There were progressive, weekly meetings at my yoga studio, The Yoga Shop, in South Windsor. We discussed awakenings, pitfalls, challenges and accomplishments. A 64-ounce water bottle was given for daily proper hydration. Participants kept a 40-day journal for yoga practice, food intake, sleep, meditation and logging our daily obstacles and how we reacted to them. We also received a yoga DVD for home practice and the book 40 Days To Personal Revolution, written by yoga master Baron Baptiste.
A particular subject that spiked my interest was practicing non-reactivity, a powerful skill of responding to situations rather than reacting to them. When conflict interrupts, we have choices on how to react. We can choose to get angry, hold a grudge, yell or scream.
Or, we can choose to breathe, remain calm and respond differently. I was often surprised with the outcome of practicing non-reactivity. It takes effort and energy to stay angry. Letting go of the the things we can't control is actually a pretty cool concept.

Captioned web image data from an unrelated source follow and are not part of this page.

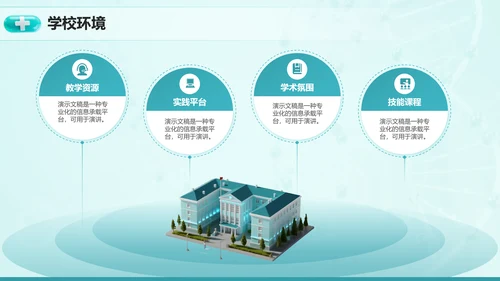 3D医疗风医学生大学生职业生涯规划PPT模板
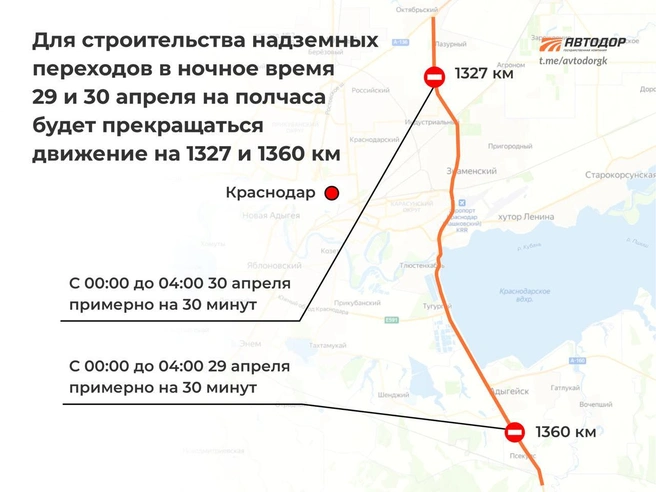 Схема перекрытия дороги | Источник: ГК «Автодор»
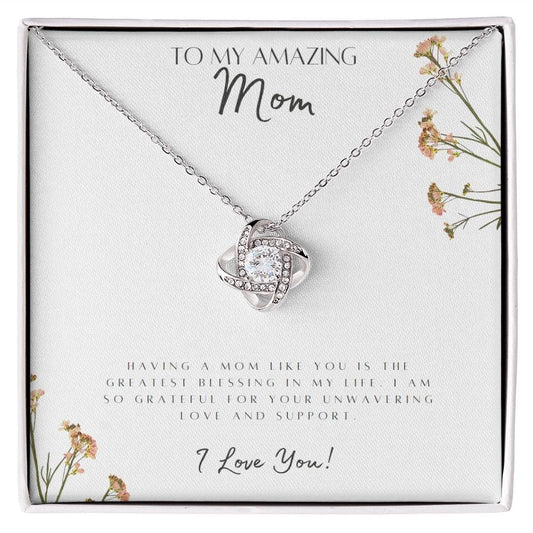 Jewelry 14K White Gold Finish / Standard Box To My Amazing Mom | Love Knot Necklace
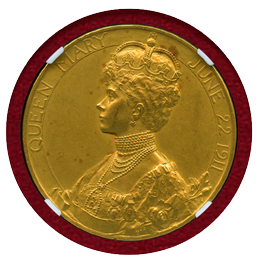 イギリス 1911年 金メダル ジョージ5世 戴冠式記念  NGC MS62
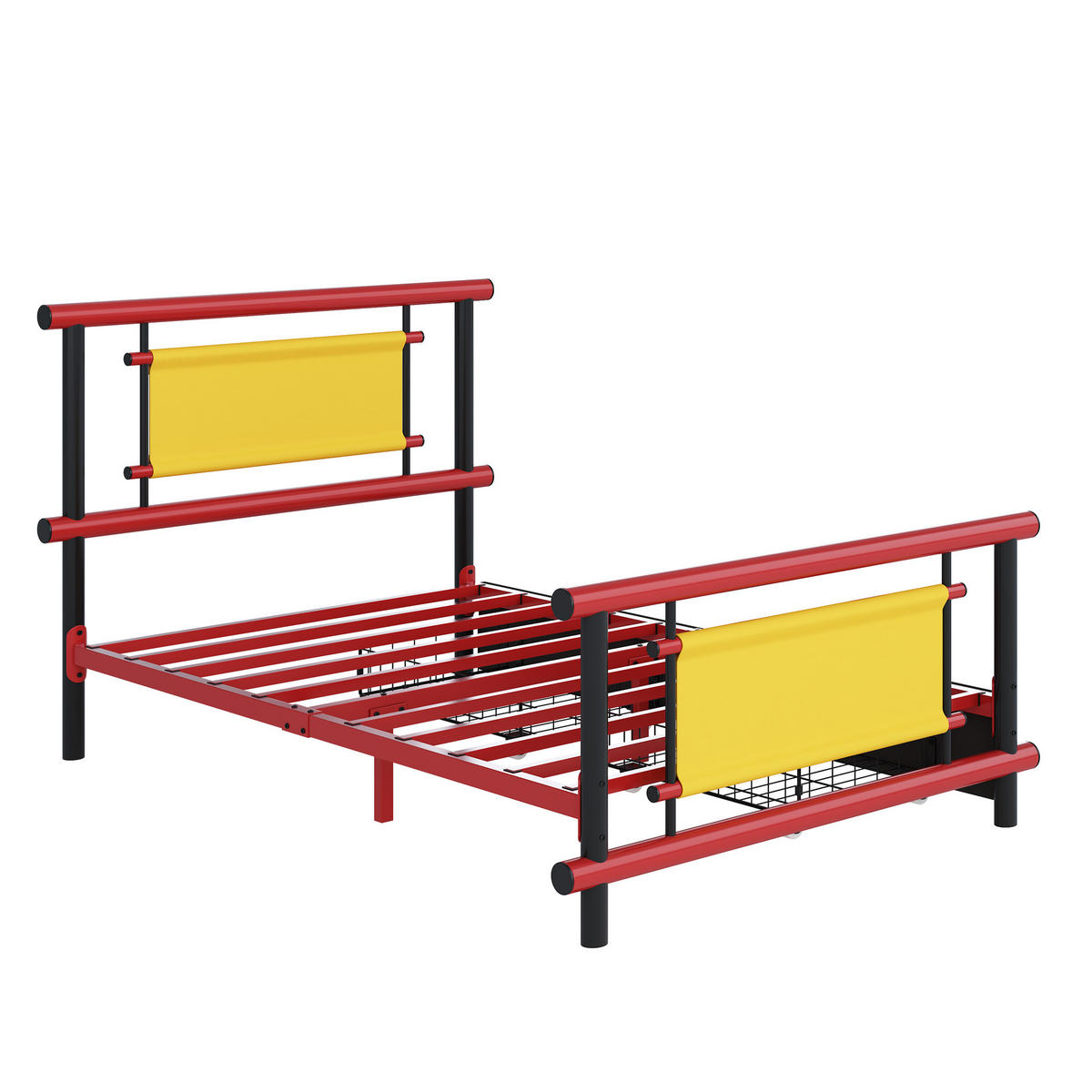 METALLBETT 90/200 cm Rot mit 2 Schubladen - Rot, Metall (90/200cm) - Oxeza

It wasn’t always convenient. Making the commitment meant rescheduling and working around standing responsibilities. Kids had to make their own lunches and sometimes get themselves on the bus. Dinner was often late, asking favors of friends and neighbors was now on the menu. Sweaty yoga clothes packed the laundry basket, prompting late-night wash cycles.
Personal appearance, along with hygiene, took a back seat. No make-up, calloused feet, living in Lululemons, a popular brand of yoga attire, and delayed shower schedules grew tiresome. I often missed freshly styled hair, perfume and jeans with boots.
Carrying around a keg-sized water bottle became a standing joke with friends and family. It often rolled off the front seat of my car, spouting water on the floor while driving along I-91. It wouldn’t fit in my large messenger bag, but surprisingly felt at home in the kiddie seat of a Target carriage. I wasn’t used to the required water intake. Daily responsibilities and activities were planned according to strategic bathroom locations, preferably the ones I knew were clean.
Classes at 6 a.m. were often on my agenda, which meant I was up by 5:15 a.m. and leaving the house at 5:30 a.m. Getting into a cold car while driving through a dark abyss can be lonesome. My coffee cup and talk radio were my only companions. Even though practicing at home was an option, my self-discipline is easily swayed. Exploding laundry baskets, work, phone and piles of paperwork tend to look appealing when a commitment lingers. No one is directing, watching and correcting. It’s a free pass to slack but I’d rather not.
Practicing in the studio became routine, even addicting. With each day, you find more strength, more confidence and more room. In a positive reinforcement tactice reminiscent of potty training, happy-face stickers were placed on a chart after each class. Regardless of age, visual positive reinforcement works!
There’s something to say about using your core while holding a bind. Like the studio, the music was hot, building hype and energy. Gracefully you move from one pose to the next, discovering strength. Bending your back, reaching to the sky, listening to your breath while finding more room and length in your practice.
Your body transforms from stiff and weak to flexible and strong. The recessed lighting is blinding in certain poses while salty beads of sweat drip into your eyes, causing a stinging sensation. Like twisting a saturated washcloth, yoga wrings out the unnecessary distractions in our lives. It itemizes your priorities, while focusing on what’s truly important.
I found myself taking risks and pushing for more difficulty. This was becoming true both on and off the yoga mat. Attitudes and inner voice of doubt transformed from, “I can’t do that” to, “Why the hell not?” and, “Yes, I can.”
I was never alone, always guided by professionals and fellow yogis with open hearts and encouraging spirits. As the 40 days progressed, I was surrounded by transforming, strong, positive and energetic individuals.
The only thing keeping you focused is your breath. There’s no judgement. Start small. Make yourself a priority and commit to yourself. No matter your goal, whether it's professional or physical, take a risk, push and trust yourself. Expect to sway and tumble, fall and get back up, but gradually you'll perform a backbend as familiar as the grassy backyards of your youth.